(Stored data)
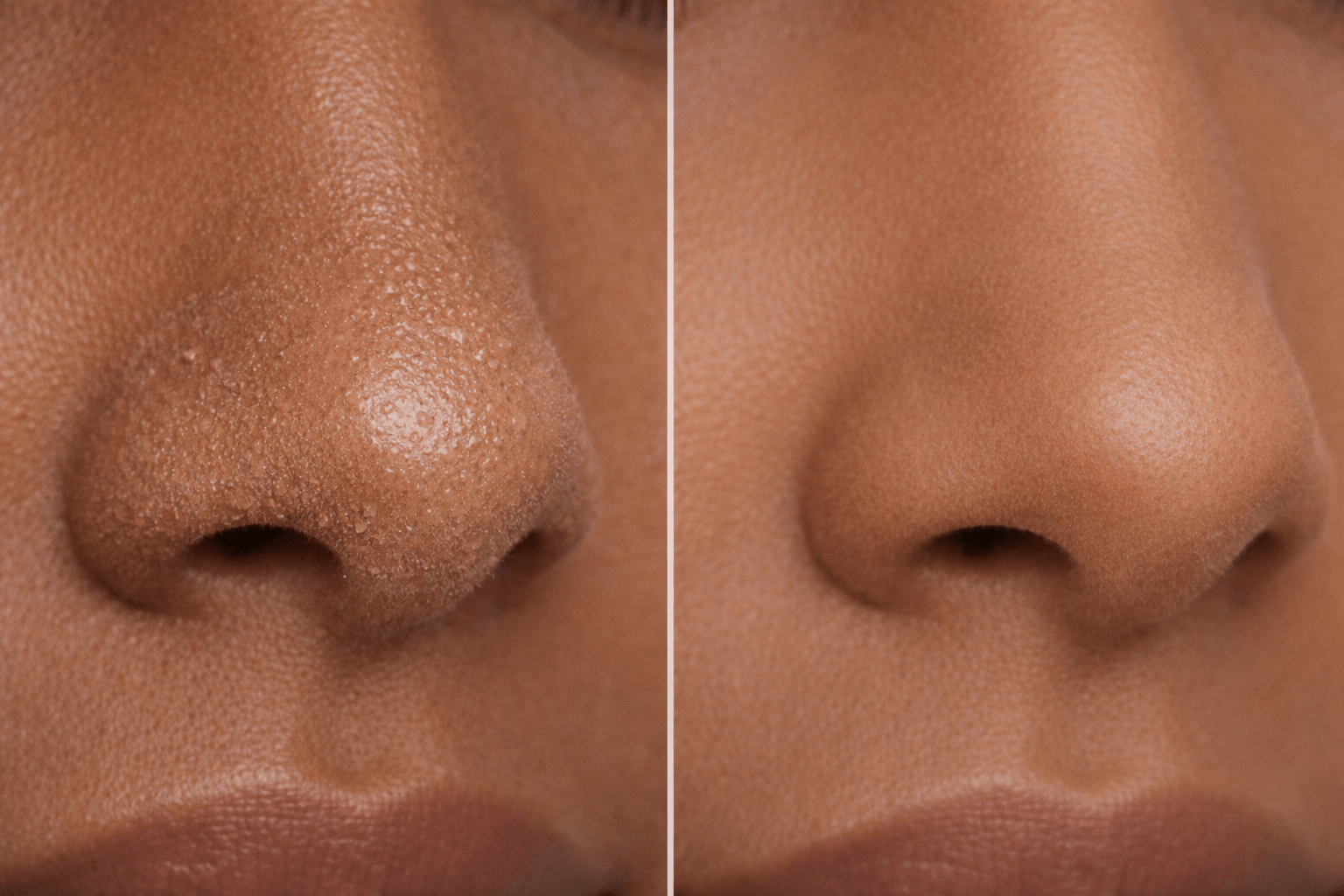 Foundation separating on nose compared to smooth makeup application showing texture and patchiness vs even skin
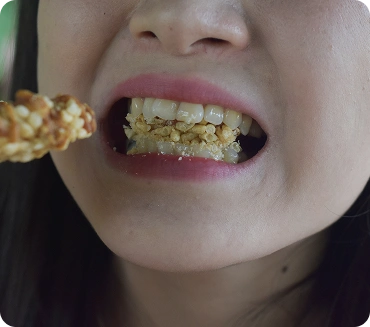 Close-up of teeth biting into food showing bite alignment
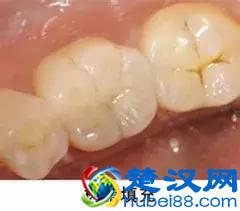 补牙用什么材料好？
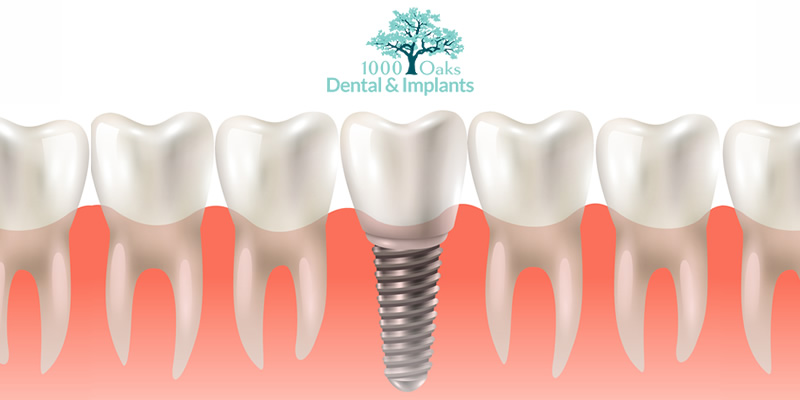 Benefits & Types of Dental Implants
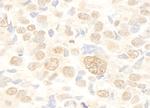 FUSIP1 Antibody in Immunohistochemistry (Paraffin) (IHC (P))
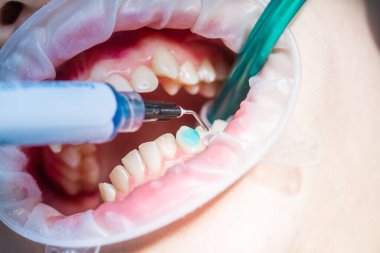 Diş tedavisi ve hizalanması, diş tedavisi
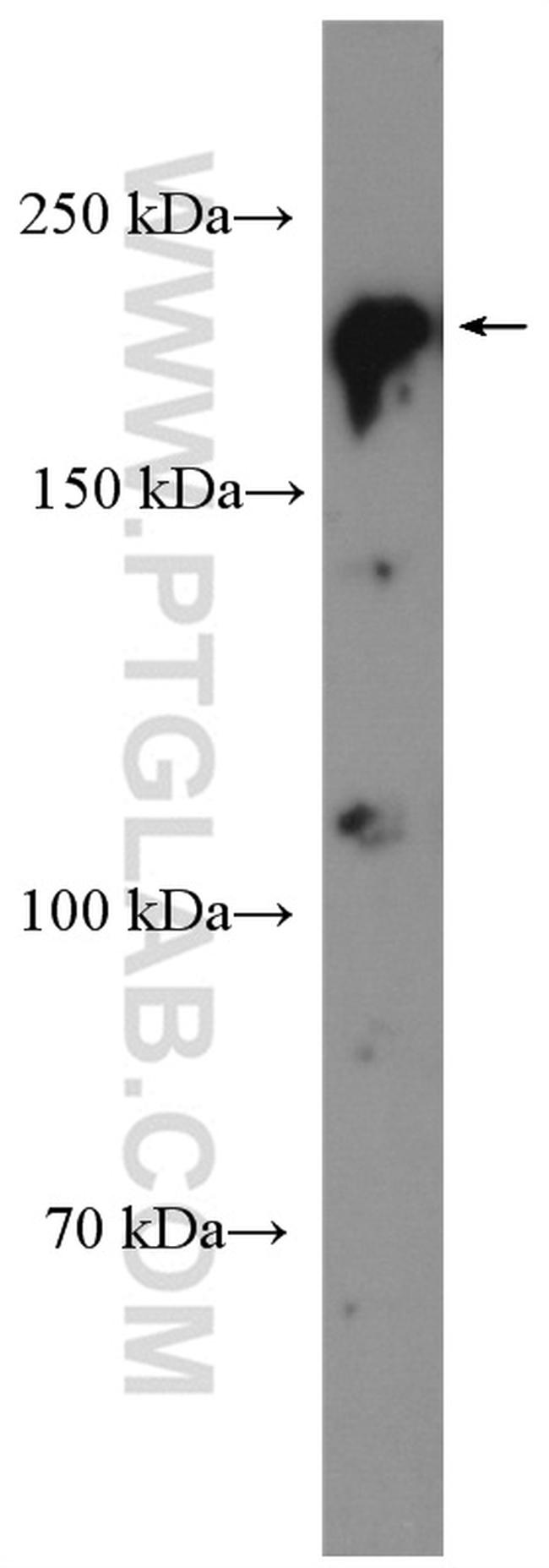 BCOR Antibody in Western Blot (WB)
(End Stored data)
• **Task instructions**: Reproduce exactly and only the lines from the one with "Benefits & Types of Dental Implants" through the final line of the records above, inclusive. Pictures must be left out.

• **Answer to this exercise**:
 Benefits & Types of Dental Implants
 FUSIP1 Antibody in Immunohistochemistry (Paraffin) (IHC (P))
 Diş tedavisi ve hizalanması, diş tedavisi
 BCOR Antibody in Western Blot (WB)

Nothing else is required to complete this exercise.